- [EXERCISE AIM]: Write out again, word for word, the lines below from the line that holds "Девять вов. Як" through the line that holds "New 2027 Nissan Kicks SV FWD image 8", omitting pictures.

- [RECORDS FOR THE EXERCISE]:
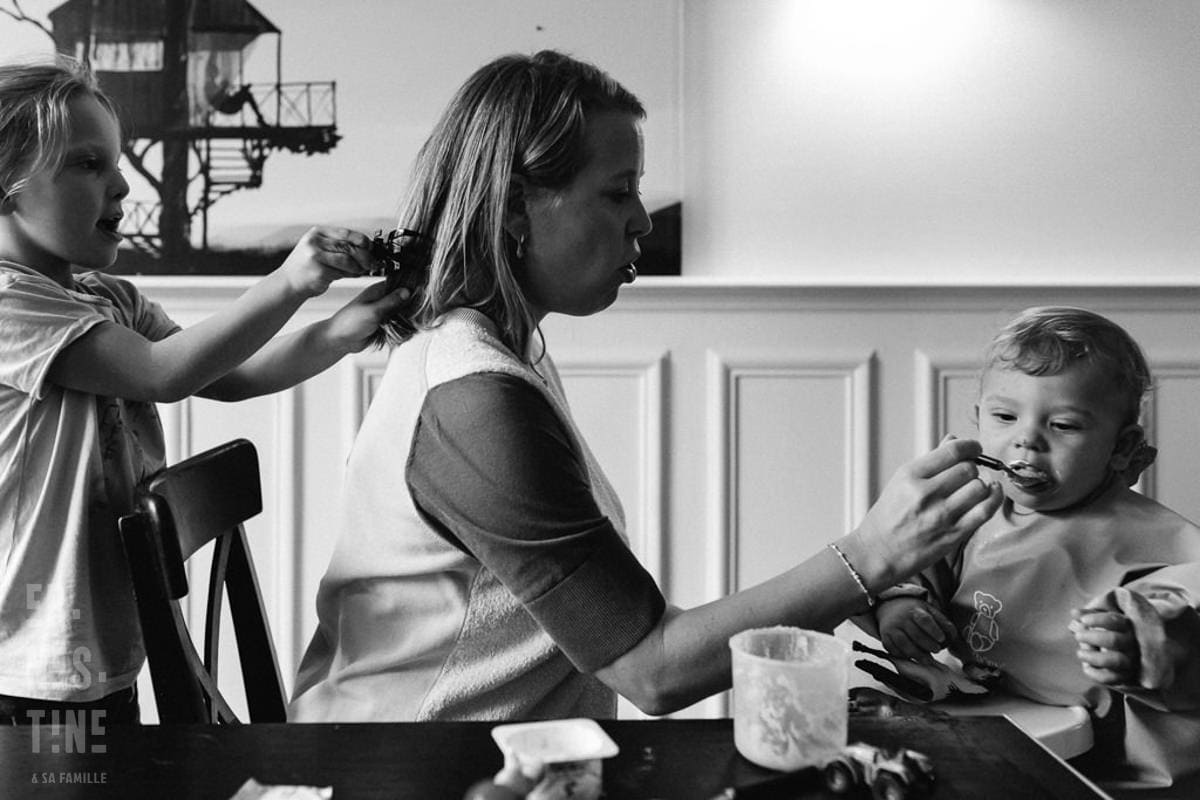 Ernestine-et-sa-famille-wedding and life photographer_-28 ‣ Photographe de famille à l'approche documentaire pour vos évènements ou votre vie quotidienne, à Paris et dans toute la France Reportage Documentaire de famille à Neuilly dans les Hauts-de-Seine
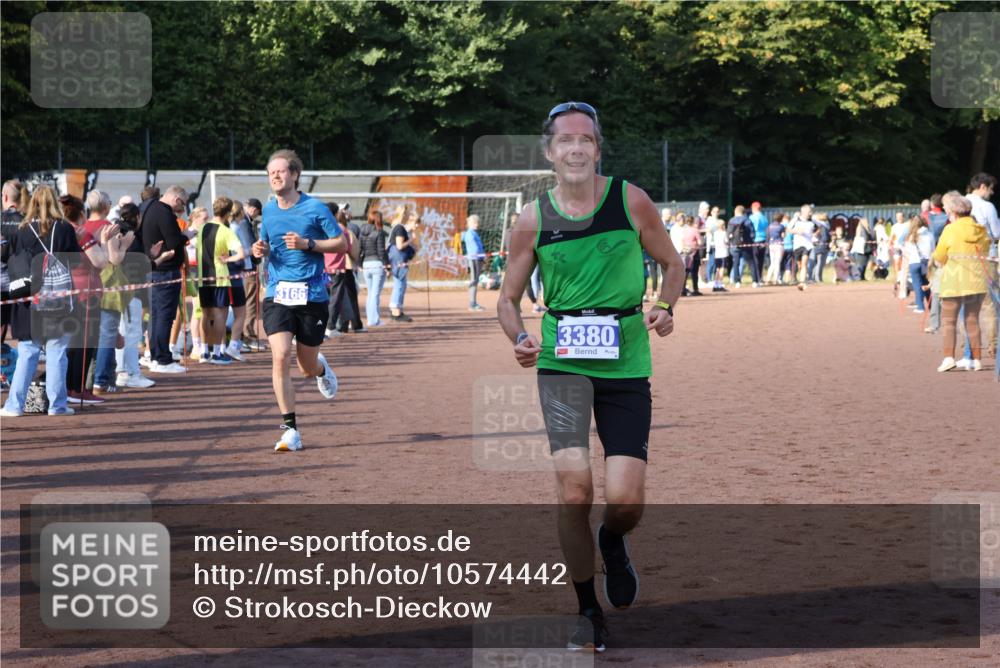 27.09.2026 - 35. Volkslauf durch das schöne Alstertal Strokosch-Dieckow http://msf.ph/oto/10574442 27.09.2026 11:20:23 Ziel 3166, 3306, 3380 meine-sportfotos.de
...
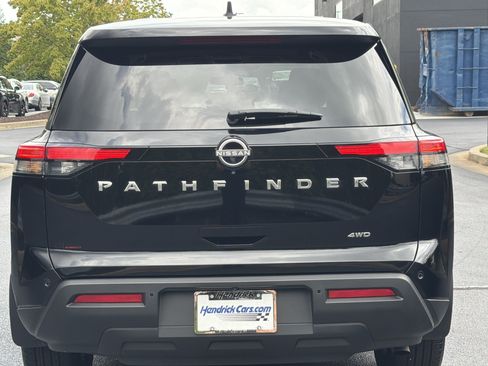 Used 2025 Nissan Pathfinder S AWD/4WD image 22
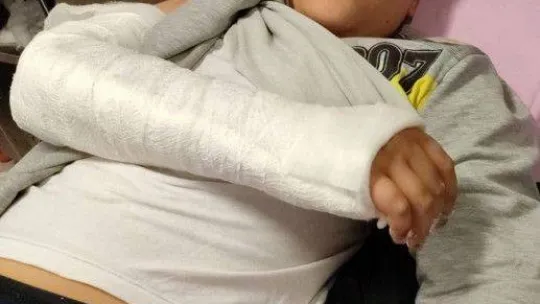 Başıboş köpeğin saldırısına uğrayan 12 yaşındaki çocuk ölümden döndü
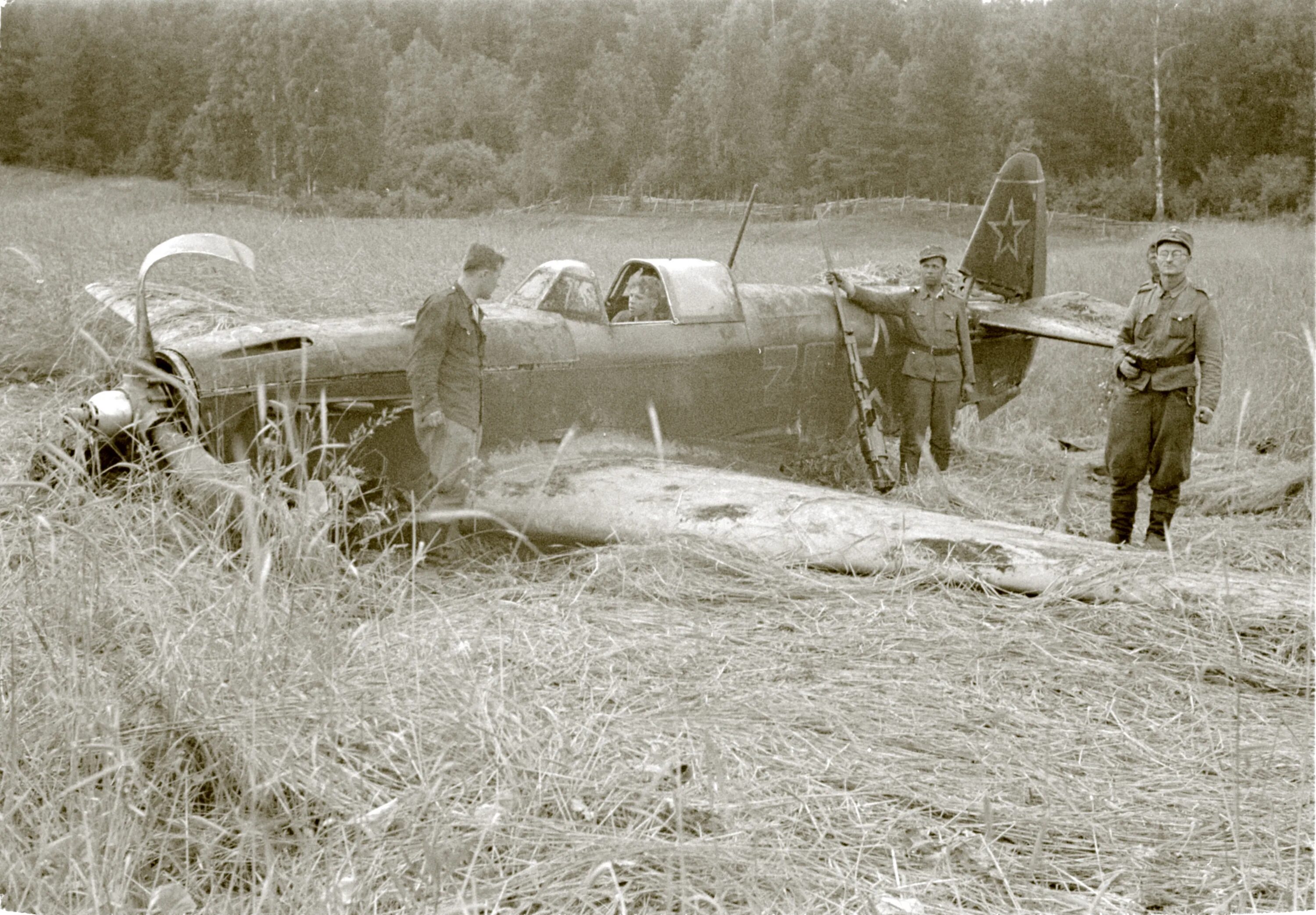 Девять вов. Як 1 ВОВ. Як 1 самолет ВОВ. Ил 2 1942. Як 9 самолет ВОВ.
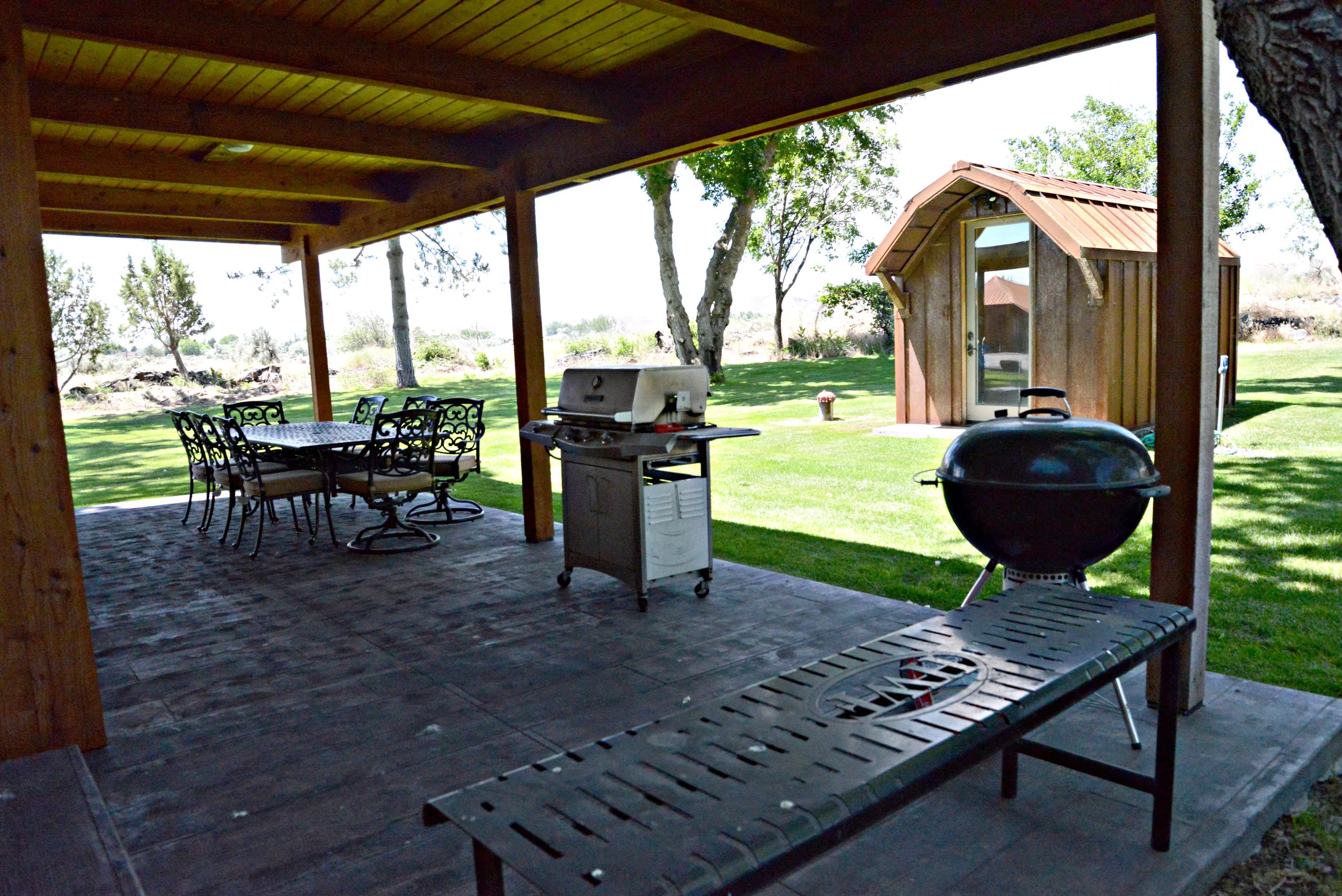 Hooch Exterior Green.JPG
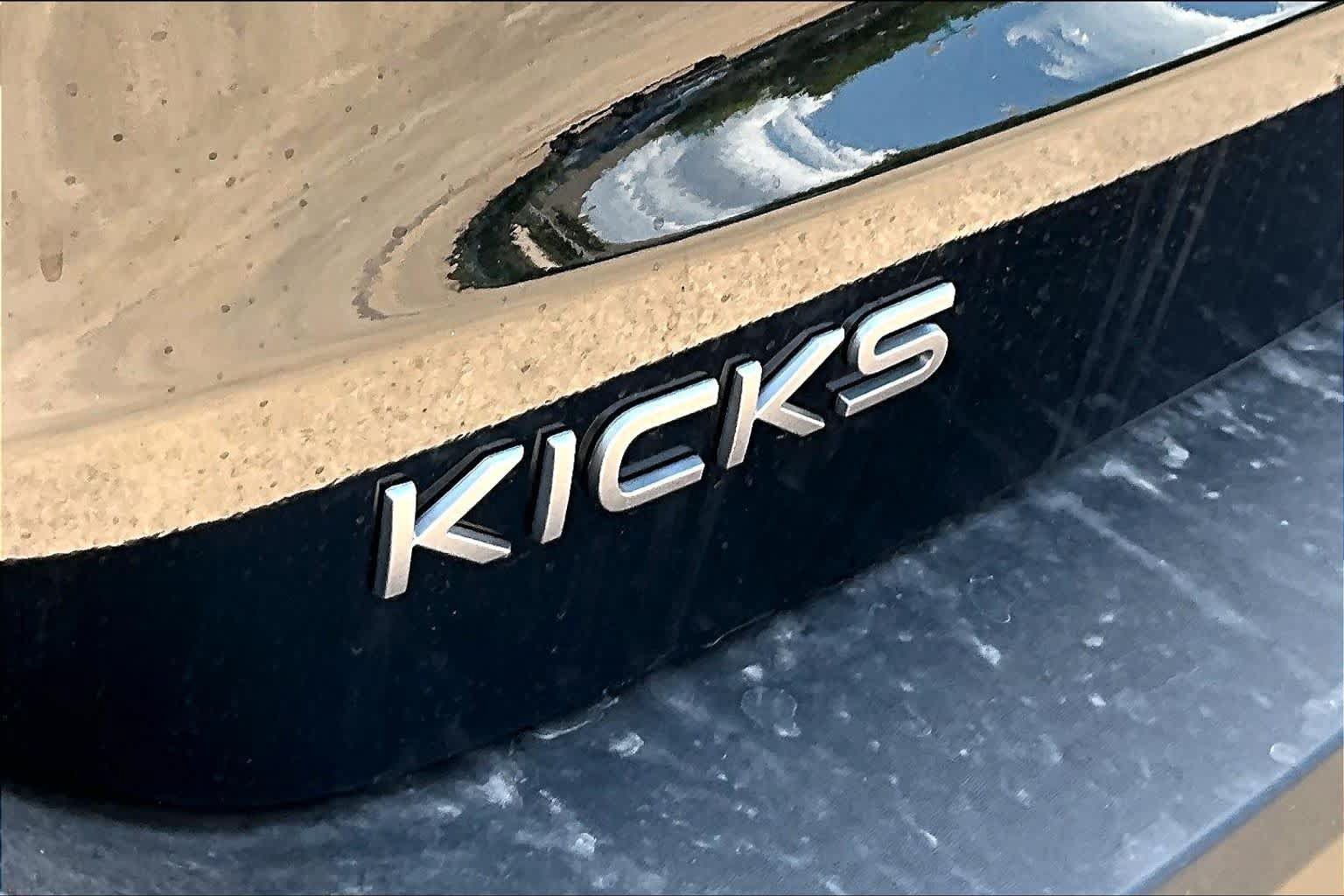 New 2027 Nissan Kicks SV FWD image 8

- [REPLY]:
 Девять вов. Як 1 ВОВ. Як 1 самолет ВОВ. Ил 2 1942. Як 9 самолет ВОВ.
 Hooch Exterior Green.JPG
 New 2027 Nissan Kicks SV FWD image 8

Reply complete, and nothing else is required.